Fred Thompson: Who Lost Afghanistan?
By John Batchelor on November 21, 2009 at 10:30 AM in Current Affairs
We’re sorry that so many comments were lost yesterday, but that always happens during server upgrades. We hope you’ll re-post many of your sage observations.
POTUS has stalled and manipulated the McChrystal request for additional resources, and this peculiar commander-in-chief conduct has exasperated the public and puzzled the politicians.
Why did POTUS call Afghanistant a “necessary war” as recently as August and as early as March of this year? Why has he allowed the soon to be eight strategic reviews to linger in the headlines? Why the clumsiness and tardiness?
There is an explanation. What Fred Thompson says is correct. We have lost Afghanistan. Lost it to whom? Not the Taliban. Not to Karzai, whose sour second inauguration this news cycle was attended in a surprise by HRC as if the Secretary of State was calling on the rotting regime of an enemy. Not to Pakistan.
We have lost it to the Wahhabists. It is the House of al-Saud who bought Afghanistan twenty years ago, and it is the House of al-Saud that has now renewed its lease on the Pashtuns. The north and west of Afghanistan is in the hands of the Tajiks, and they are indifferent to the Wahhabists and the Saudis. Only the Pashtuns of AfPakia and the Northwest Provinces are impressed by the Wahhabist cash and temperament.
Saudi Arabia has repurchased its lease on the Pashtuns. The status quo ante is to keep the Taliban attacking the Kabul government, aiming to reconvert the provinces to Sharia law. Meanwhile the Taliban from the Northwest Provinces will keep on agitating for their independence from the Pakistan army.
None of this has anything to do with stability in Kabul or good government in Islamabad.
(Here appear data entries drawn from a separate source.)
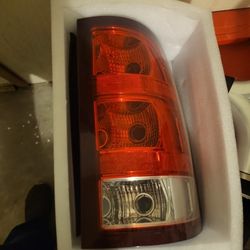 GMC Sierra 1500 Brake Lights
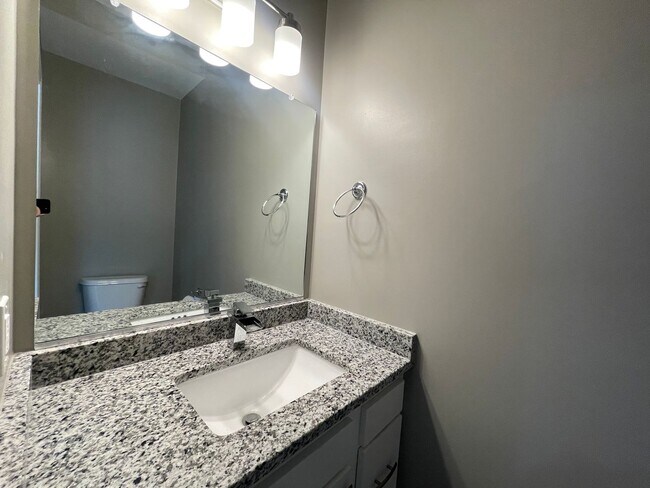 Building Photo - Blue Ridge Commons Townhome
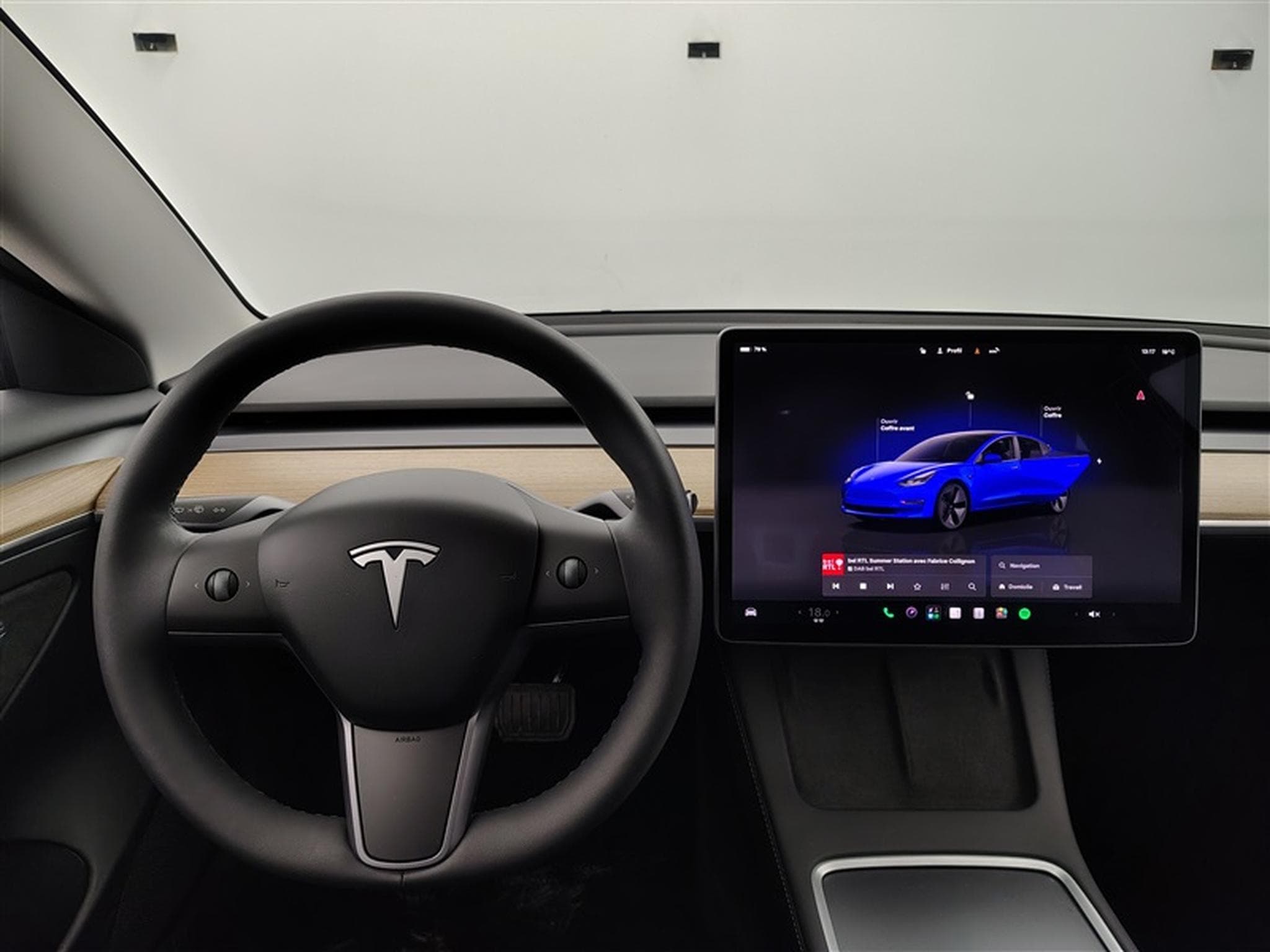 Tesla Model 3 60 kWh Standard Plus CUIR/NAVI/PANO/FULL LED/CAMERA (2023) - Photo 9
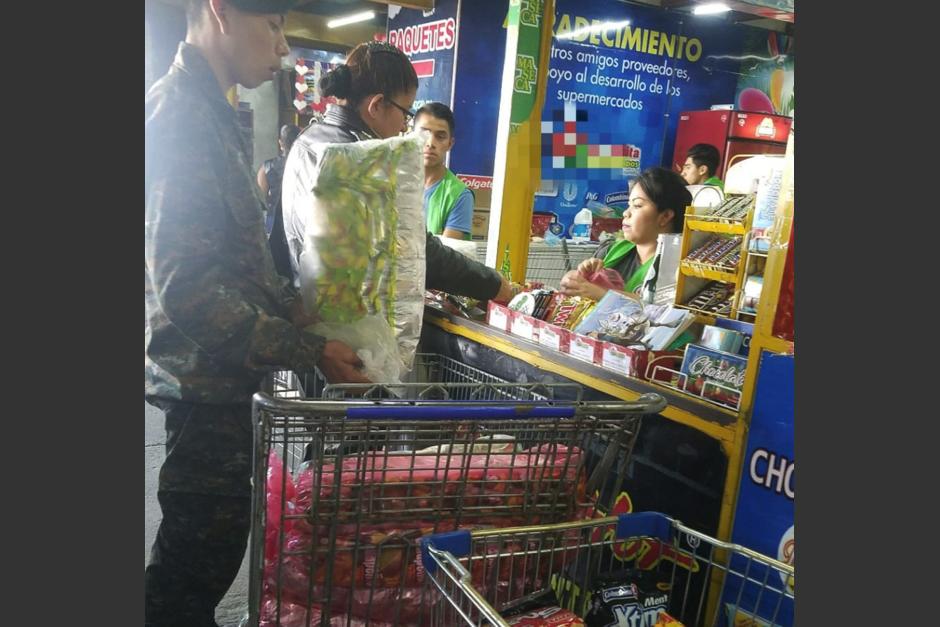 Soldados adquirieron golosinas, gaseosas y hasta toallas sanitarias. (Foto: Jessica Gramajo/Soy502)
It is not about democracy and transparency. We have lost Afghanistan to the savages who never really lost it to us.
Did POTUS lose Afghanistan? Sure, that is, it is his watch, and he talked of a new and smart way during the campaign, and he spoke of Afghanistan as critical to his foreign policy. POTUS believed the false-tongued and deeply insane King Abdullah when he visited with him last June; he believed that the Saudis could write a check and the Taliban would obey a three-dimensional chess game that only Mr. Spock could solve; he believed that once the Taliban warlords took money, they would behave as stake-holders in Cook County real estate.
All rookie mistakes, all avoidable, all ruination now. The worst damage is political here in the West. The Pashtuns knew it would end with the Pashtuns back in control of their mountains. The question now is can POTUS retain control of his administration and the Congress as the price of losing the war comes home.